これについて、飯田編集長は「自身は、チームのあり方はチームが決めればいい」と見解を披露している。私もそう思っていた。
さらには、「企業チームが弱体化」とも書いているが、JBLを見ていると、このようなことは起こっていない。東芝ブレイブサンダースの3勝25敗(2012年2月9日現在。なお、3勝は、いずれもプロチームからあげている)が外れ値で、プロチーム(興行権を持っている、リンク栃木ブレックス、レバンガ北海道、三菱電機ダイヤモンド・ドルフィンズのこと)が苦戦している(JBL―日本バスケットボールリーグ―(http://www.jbl.or.jp/ ) 参照)。それからすると、bjリーグの専務取締役の主張に一理あると感じた。つまり、プロと企業チーム(興行権を持っていないとされる(推測含む))が一緒にやるのは難しい、と現在では思う。
2.プロチームのあり方に参考になる記事等はないかな、と思ったら、『週刊エコノミスト』 2012年2月14日号 83ページと84ページ(ゆえにページ数を示す)、「“財政フェアプレー導入”で赤字の大クラブは失格も」と題した、『footballista』(海外サッカー週刊誌)の、木村浩嗣・編集長が書いた記事を見つけた。

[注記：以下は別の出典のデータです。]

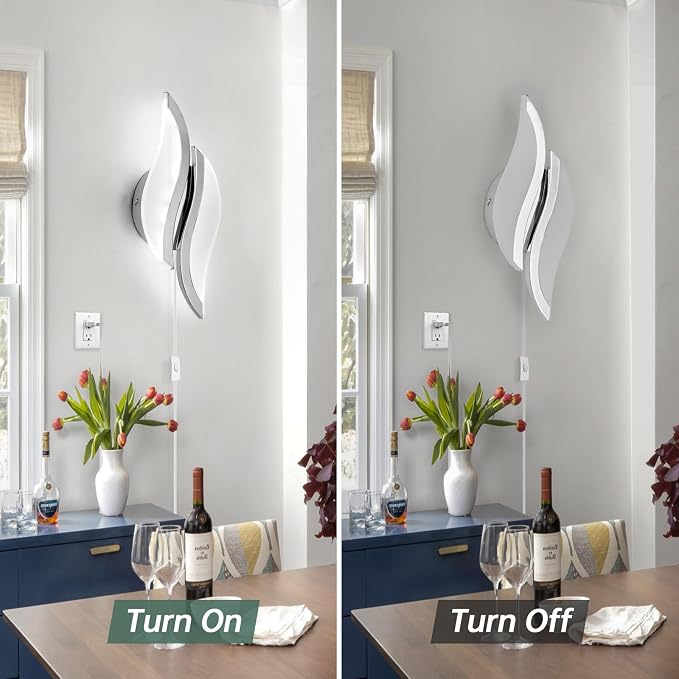 CANEOE Plug in Wall Sconces Set of Two 6000K Chrome Modern LED Wall Light Fixtures Acrylic Wall Sconce Lighting for Living Room Bedroom Bedside Bathroom Hallway Stairway Wall Lamp
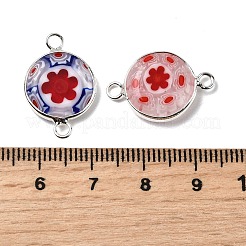 Handmade Millefiori Lampwork Flat Round Connector Charms&nbsp;LAMP-D002-02A-S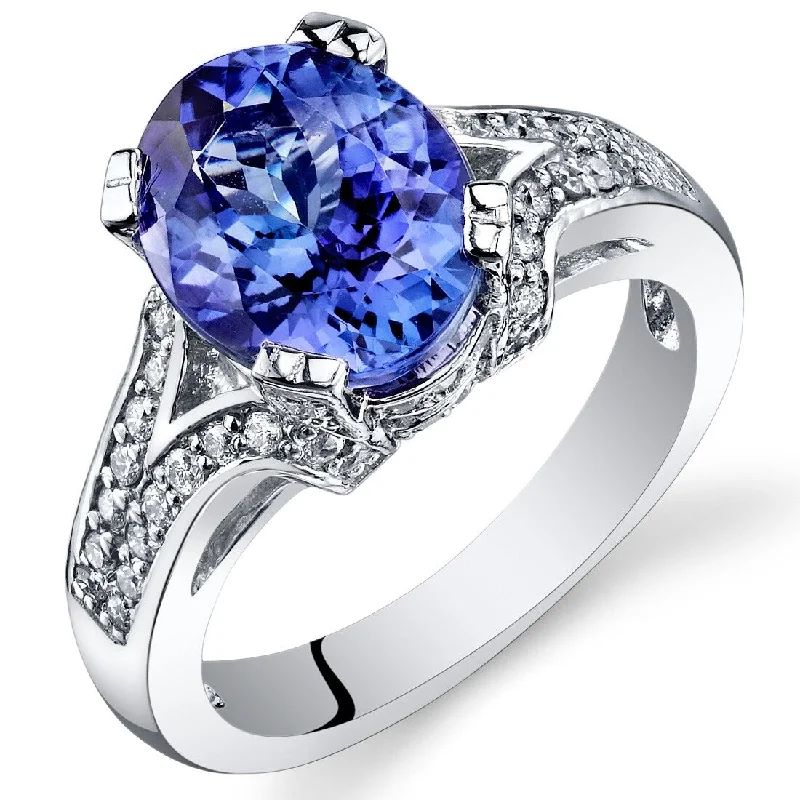 gothic topaz ring-3.89 ct Tanzanite Oval and Diamond Ring in 14k White Gold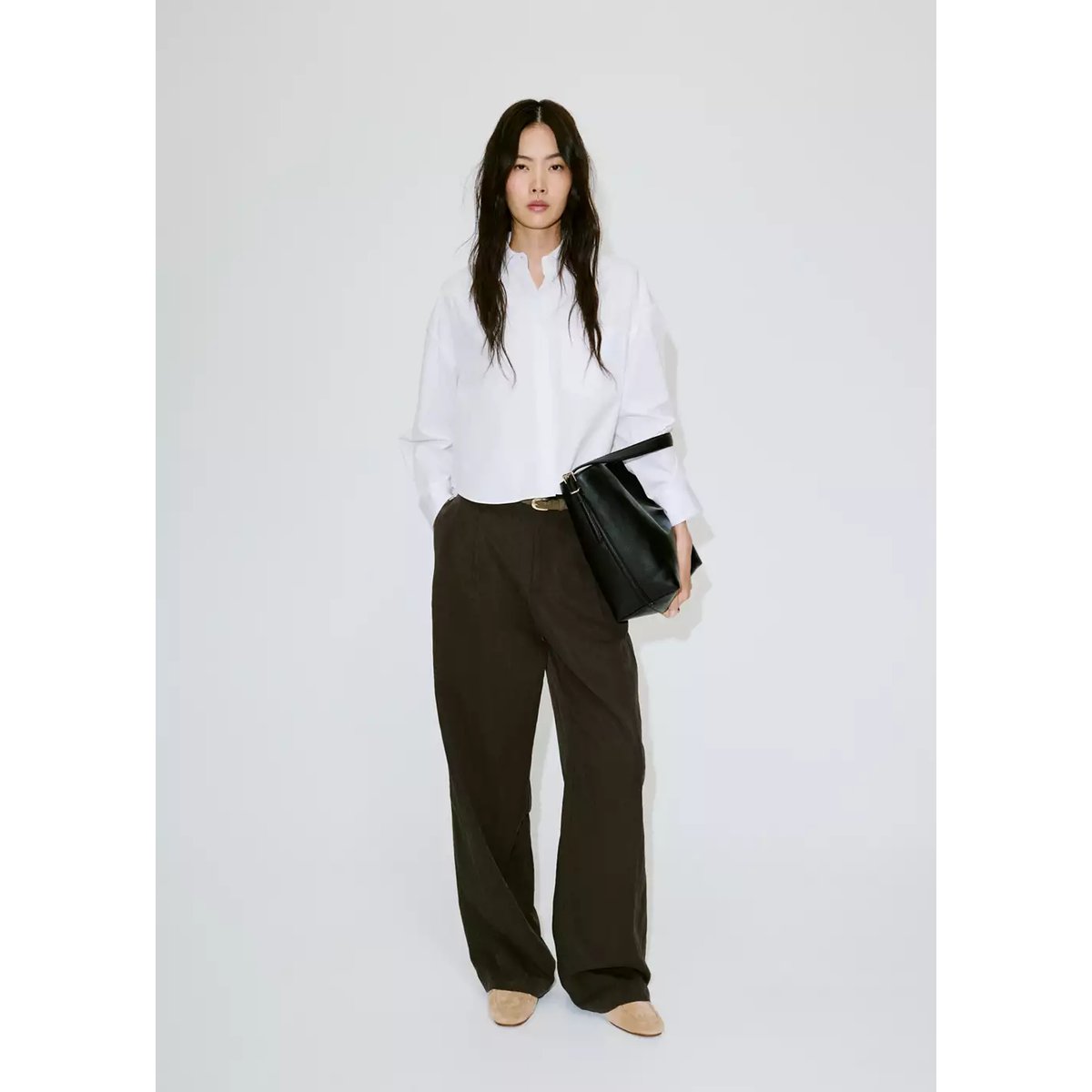 Chemise crop poche blanc cassé, MANGO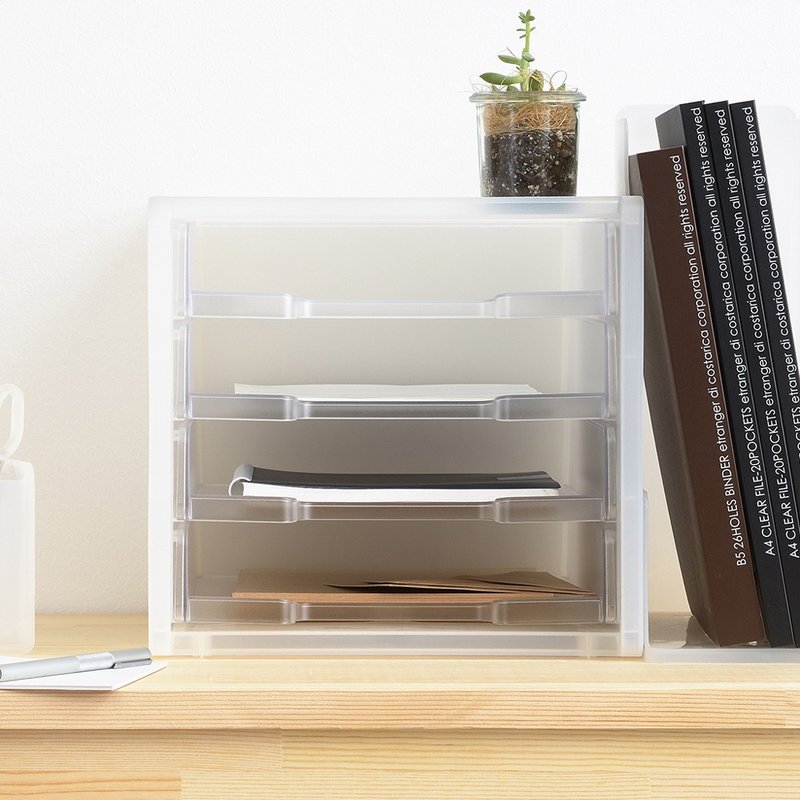 squ+ SOFFICE Japanese-Made Four-Tier A4 Document Drawer Organizer - ชั้นวาง/ตะกร้า - พลาสติก สีใส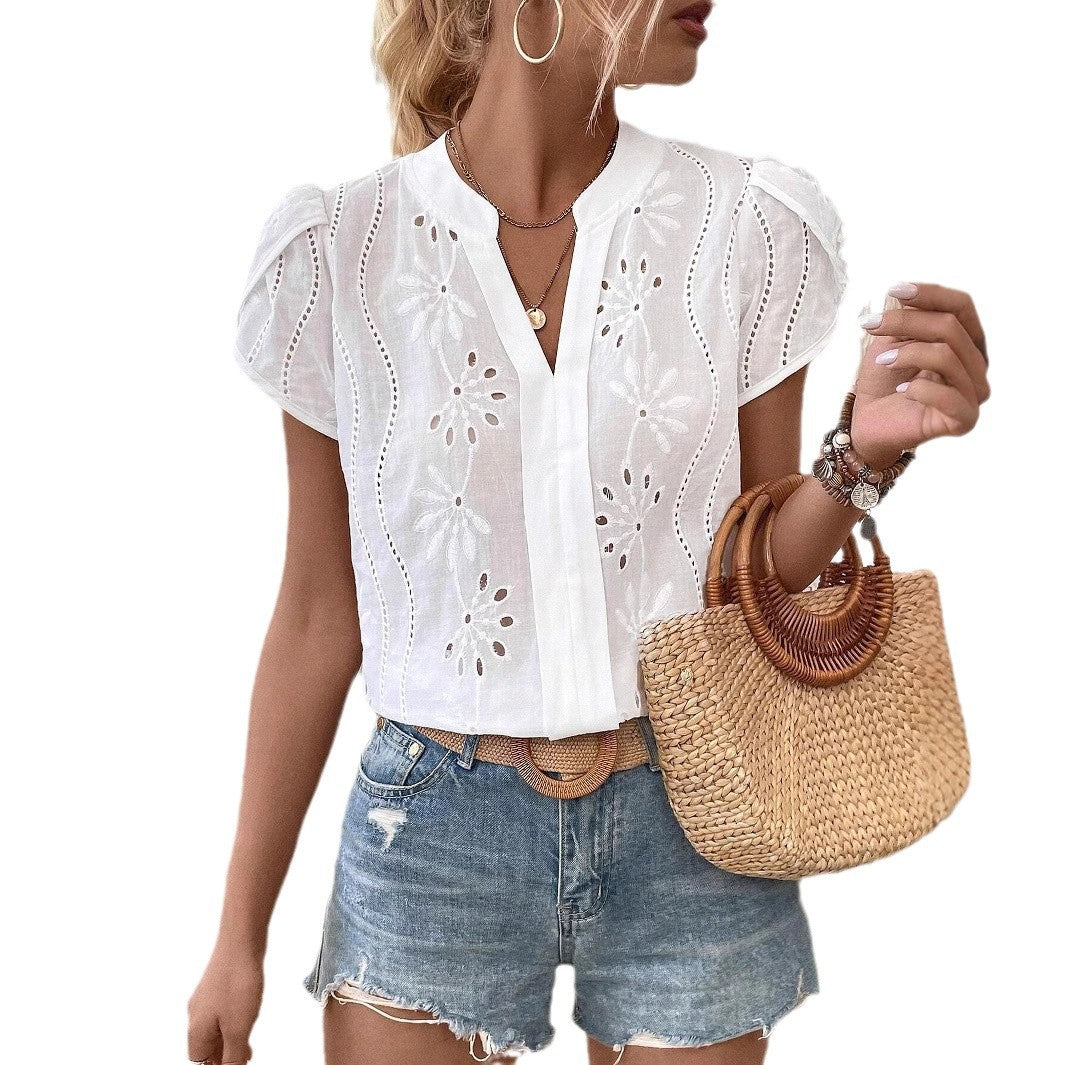V-neck Short-sleeve Womens Blouse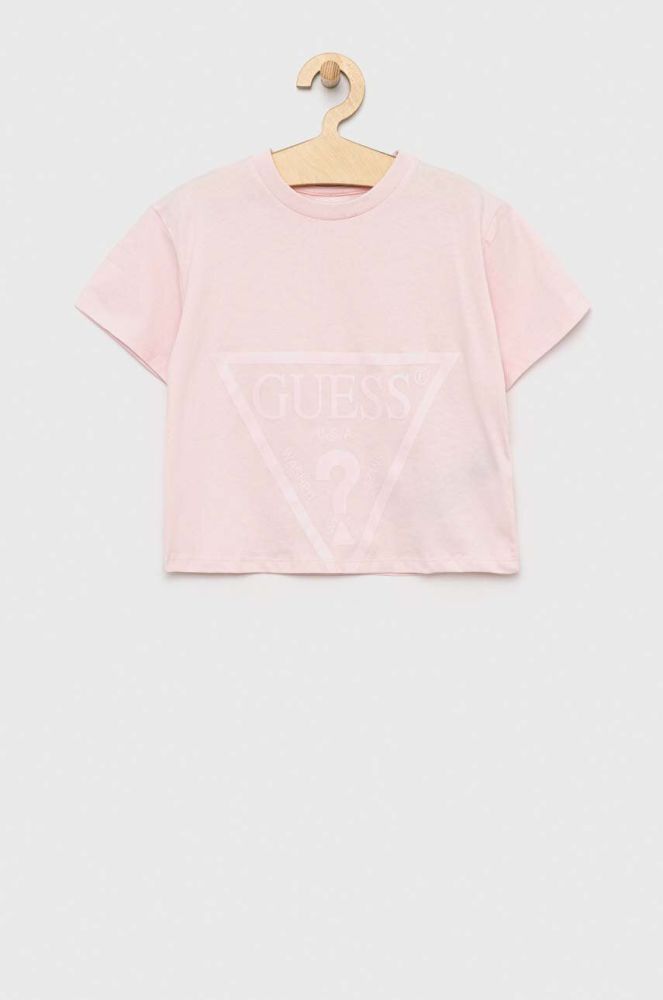 Дитяча бавовняна футболка Guess колір рожевий (3002311)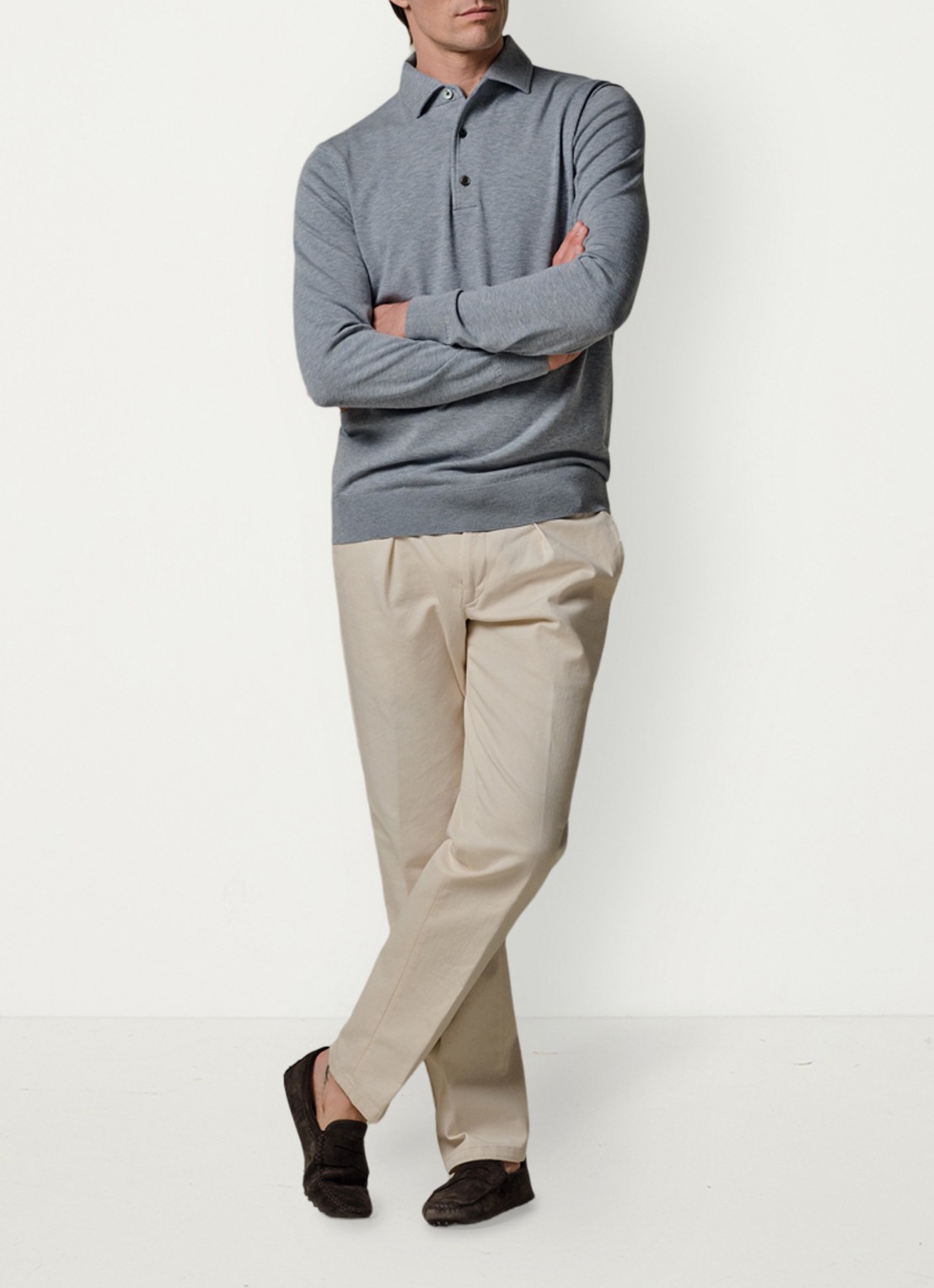 Profuomo Luxury regular fit polo - voorkant 6 blauw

それによると、「『ファイナンシャル・フェアプレー』(FFP)」(p83)という、「弱肉強食のサッカー界に財政規律を設け、公正な競争を行わせようという」(p83)制度を、UFEA(欧州サッカー連盟)会長の、ミッシェル・プラティニさんの体制下で導入しようとしている、という。
以前の「カップ戦の出場ライセンス」(p84)は、「赤字や負債は問題にしてこなかった。『マネーフローがある限りは干渉せず』という考え」(p84) だったという。このような制度では、「オーナーや会長のポケットマネーや銀行の巨額融資で赤字を補填しつつスター選手を買いあさる」(p84) ことが可能だったらしい。
それを、2015-2016シーズンに、2013年から2015年までの3年通算で、3,000万ユーロ以内の採算割れまでライセンスを認める(p84要約)ようにするのだという。
1.でbjリーグの専務取締役の阿部さんが述べたような、「『原則として、試合という興業による収入が、そのチームの主たる収入となること』」(『月刊バスケットボール』 2012年3月号 p175)が、ヨーロッパのサッカーリーグに当てはまるかはわからないが(「“財政フェアプレー導入”で赤字の大クラブは失格も」(『週刊エコノミスト』 2012年2月14日号 p83)によると、サッカービジネスの収入源は、①テレビ放映権、②広告・スポンサー料、③入場料(以上清高要約)だという)、bjリーグとFFPの方向性、ならびにJBLの企業チームとヨーロッパサッカーのあり方が、似ているように感じるのは気のせいか。
最後に蛇足を加えると、「“財政フェアプレー導入”で赤字の大クラブは失格も」では、「フェアプレー精神の回復はいいが、クラブの自助努力を求めるFFP制度は、クラブの『救済』ではなく『排除』という形によって、赤字クラブの経営を立ち行かなくさせる『ダメ押し』になりかねない」 (p84) と、批判的に検討されているのが良かった。